The pelvic compartments can be separated into three segments: anterior (bladder, bladder neck, uretra), middle (uterus, cervix, vagina), and posterior (sigmoid, rectum, anal canal). MRI permits evaluation of the three pelvic compartments, and often more than one compartment is affected.

Assessment of pelvic compartments with MRI defecography is a good option as it has a good interobserver correlation, the authors continued. It is indicated in cases where the patient complains or another exam suggests constipation, incontinence, defecatory dysfunction, rectal or anal pain, digitation, rectocele, enterocele, cystocele, and invagination or prolapse.

Optimum technique

The examination requires the use of a body phased-array coil. At Hospital Curry Cabral, it is performed in a closed 1.5-tesla MRI system. It is essential to explain the procedure fully to the patient, and to have access to clinical information.

Caetano and colleagues used a 50-cc syringe and a rectal catheter to inject ultrasound gel contrast. The amount of contrast introduced into the rectum varies between 150 and 250 cc, depending on the patient's tolerance. The patient should have a moderately filled bladder and stay in a supine position. They recommend using a disposable diaper.

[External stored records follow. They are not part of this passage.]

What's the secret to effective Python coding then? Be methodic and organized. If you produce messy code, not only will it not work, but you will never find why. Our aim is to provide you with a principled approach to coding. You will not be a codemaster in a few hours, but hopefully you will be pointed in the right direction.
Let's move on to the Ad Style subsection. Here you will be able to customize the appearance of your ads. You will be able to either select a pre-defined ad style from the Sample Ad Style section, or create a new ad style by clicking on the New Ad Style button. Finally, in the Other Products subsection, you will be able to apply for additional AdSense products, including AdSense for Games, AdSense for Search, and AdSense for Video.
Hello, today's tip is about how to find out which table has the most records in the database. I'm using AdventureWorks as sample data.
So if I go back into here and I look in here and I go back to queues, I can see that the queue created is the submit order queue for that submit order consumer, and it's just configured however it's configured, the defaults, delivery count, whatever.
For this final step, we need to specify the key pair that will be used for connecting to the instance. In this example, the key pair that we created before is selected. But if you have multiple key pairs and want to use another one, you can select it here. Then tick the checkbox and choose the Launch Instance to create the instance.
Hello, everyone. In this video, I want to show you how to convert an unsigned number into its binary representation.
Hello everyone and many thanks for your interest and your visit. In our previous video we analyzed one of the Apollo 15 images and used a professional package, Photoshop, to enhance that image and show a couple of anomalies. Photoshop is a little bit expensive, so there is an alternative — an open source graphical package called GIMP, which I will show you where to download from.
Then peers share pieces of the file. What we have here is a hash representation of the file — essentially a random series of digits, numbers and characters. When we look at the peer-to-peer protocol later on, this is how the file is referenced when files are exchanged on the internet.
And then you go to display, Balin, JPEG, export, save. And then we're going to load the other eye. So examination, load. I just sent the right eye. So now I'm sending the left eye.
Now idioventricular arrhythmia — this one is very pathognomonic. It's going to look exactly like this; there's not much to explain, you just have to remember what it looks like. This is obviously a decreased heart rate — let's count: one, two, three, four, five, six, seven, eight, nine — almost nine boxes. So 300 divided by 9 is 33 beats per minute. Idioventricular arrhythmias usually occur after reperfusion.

Summary of sequences used in MRI defecography
Sequence Slice orientation Matrix Slice thickness
T1 TSE HR Transversal 320 3 mm
T2 TSE HR Coronal 384 3 mm
T2 TSE HR Transversal 384 3 mm
T2 TSE HR Sagittal 384 2.8 mm
T2 TRUFI - resting Sagittal 320 4.5 mm
T2 TRUFI - squeezing Sagittal 320 4.5 mm
T2 TRUFI Cine - defecation Sagittal 256 10 mm
T2 TRUFI defecation Sagittal 320 4.5 mm
T2 TRUFI postdefecation resting Sagittal 320 4.5 mm
TSE = Turbo spin echo. HR = high resolution. TRUFI = True fast imaging with steady-state free precession.

For anatomical evaluations, axial, coronal, and sagittal T2-weighted high-resolution images at rest are obtained for pelvic support elements (muscles, ligaments, fascias, bones), sphincteric components, organs (uretra, uterus, cervix, vagina, bladder, anal canal and rectum, in women).

For functional evaluations, T2 fast spin-echo and sagittal T2 cine MR acquisitions should involve resting, voluntary contraction of the perineum (valsalva and squeezing maneuvers), defecation (and maximum defecatory effort), and postdefecation resting.

Retention and evacuation of the pelvic organs requires structural and functional integrity of the pelvic floor elements, which include ano-rectal neuromuscular system, pelvic organs (bladder, uterus, and rectum), suspensory ligaments (anchorage points for muscles and viscera), muscles (support, contraction against ligaments, aperture/restraint), and osseous structures.

The pelvic floor unit is a multilayer system that provides active and passive support to the pelvic structures, and complex coordination and interaction are fundamental to pelvic floor function, the authors pointed out. The ligaments are formed from fascia thickenings, and both fascia and ligaments contribute to passive support of the pelvic structures. The active support of the pelvic floor depends on the pelvic muscular system. Undamaged structures are necessary for maintaining pelvic floor functional activity, and every pelvic compartment and structure is interdependent, interacting with and compensating for each other.

"Every study is made in the presence of the radiologist, who directs the exam and evaluates the images," the authors concluded. "In summary, MRI defecography allows for pelvic floor anatomy and functional evaluation, as well as their respective abnormalities, making a precise diagnosis, and provides valuable information on treatment planning."